AI Agent for Auto Service Scheduling: Appointment Booking and Service Recommendations
Build an AI agent for auto repair shops that looks up vehicle service histories by VIN, recommends maintenance based on manufacturer schedules, books appointments, and provides transparent pricing estimates.
Automating the Service Advisor Role
Auto service shops depend on service advisors who greet customers, look up their vehicle history, recommend services, provide price quotes, and book appointments. This role requires deep knowledge of manufacturer maintenance schedules and the ability to juggle a busy calendar. An AI agent can handle the entire intake workflow, letting human advisors focus on complex diagnostics and customer relationships.

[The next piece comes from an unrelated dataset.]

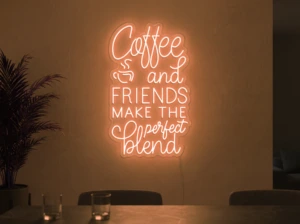 Neonskylt «Coffee and Friends» i orange LED-neon, monterad på vägg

The agent we build will decode VINs to identify vehicles, check service histories, recommend overdue maintenance, quote prices from a service catalog, and book available appointment slots.

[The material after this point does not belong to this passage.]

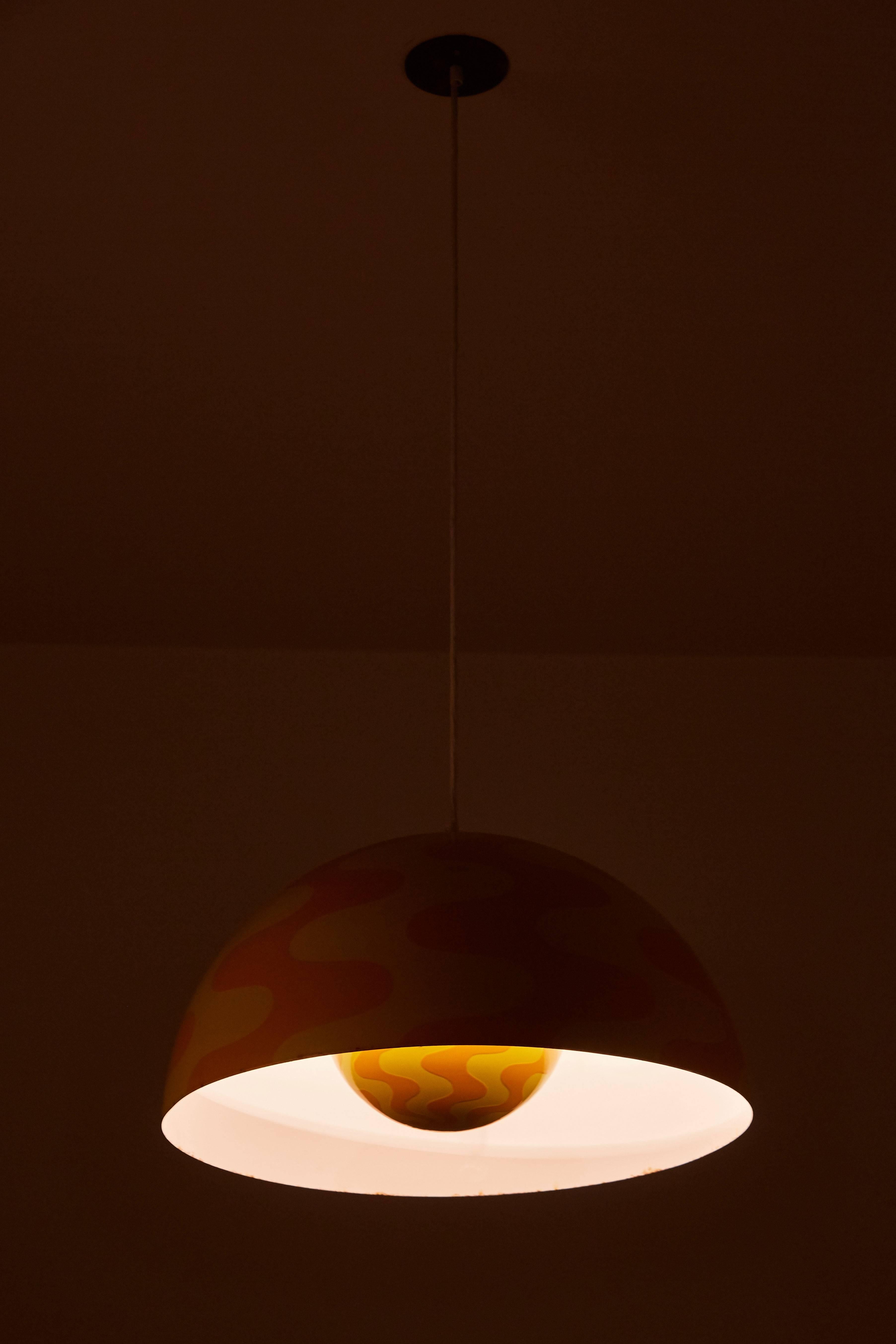 Rare large pendant with two diffusers, yellow and orange enameled pattern. Limited edition. Designed by Verner Panton for Louis Poulsen in 1971. Custom canopy. Wired for US junction boxes. Takes one E27 100w maximum bulb. Literature: Verner Panton -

VIN Decoding and Vehicle Identification
A Vehicle Identification Number (VIN) encodes the make, model, year, engine type, and manufacturing plant. Here is a simplified decoder:
from dataclasses import dataclass
from typing import Optional
@dataclass
class VehicleInfo:
vin: str
year: int
make: str
model: str
engine: str
transmission: str
VIN_DATABASE = {
"1HGCG5655WA027834": VehicleInfo(
"1HGCG5655WA027834", 2023, "Honda", "Accord", "1.5L Turbo", "CVT"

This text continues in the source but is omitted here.